* BRIEF *
Each line below that includes the word "Soft" is to be reported.

──────

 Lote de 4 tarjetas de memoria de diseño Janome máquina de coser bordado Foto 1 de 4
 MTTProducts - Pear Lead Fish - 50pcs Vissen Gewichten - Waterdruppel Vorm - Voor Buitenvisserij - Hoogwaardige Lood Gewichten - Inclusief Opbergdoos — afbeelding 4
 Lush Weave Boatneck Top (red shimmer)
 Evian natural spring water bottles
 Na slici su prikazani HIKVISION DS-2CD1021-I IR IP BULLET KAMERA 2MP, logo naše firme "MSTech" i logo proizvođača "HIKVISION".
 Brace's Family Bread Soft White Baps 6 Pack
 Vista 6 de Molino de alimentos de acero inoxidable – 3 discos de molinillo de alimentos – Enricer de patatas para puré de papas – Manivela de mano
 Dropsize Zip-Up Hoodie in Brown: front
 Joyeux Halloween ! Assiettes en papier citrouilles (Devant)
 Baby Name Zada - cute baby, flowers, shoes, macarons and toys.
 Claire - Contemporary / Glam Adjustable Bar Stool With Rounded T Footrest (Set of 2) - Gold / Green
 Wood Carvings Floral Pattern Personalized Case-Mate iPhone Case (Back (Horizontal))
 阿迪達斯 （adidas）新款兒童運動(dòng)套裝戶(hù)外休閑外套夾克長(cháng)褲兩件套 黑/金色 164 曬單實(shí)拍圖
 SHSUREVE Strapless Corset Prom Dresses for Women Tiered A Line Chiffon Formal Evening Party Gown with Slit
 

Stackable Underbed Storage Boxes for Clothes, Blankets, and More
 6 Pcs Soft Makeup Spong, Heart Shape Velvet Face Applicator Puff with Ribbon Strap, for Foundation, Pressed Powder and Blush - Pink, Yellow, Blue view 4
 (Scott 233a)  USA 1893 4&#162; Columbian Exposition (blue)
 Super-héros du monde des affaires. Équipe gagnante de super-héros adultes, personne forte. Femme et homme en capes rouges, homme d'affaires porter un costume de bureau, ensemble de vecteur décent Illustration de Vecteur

──────

* RESPONSE AREA *
 Brace's Family Bread Soft White Baps 6 Pack
 6 Pcs Soft Makeup Spong, Heart Shape Velvet Face Applicator Puff with Ribbon Strap, for Foundation, Pressed Powder and Blush - Pink, Yellow, Blue view 4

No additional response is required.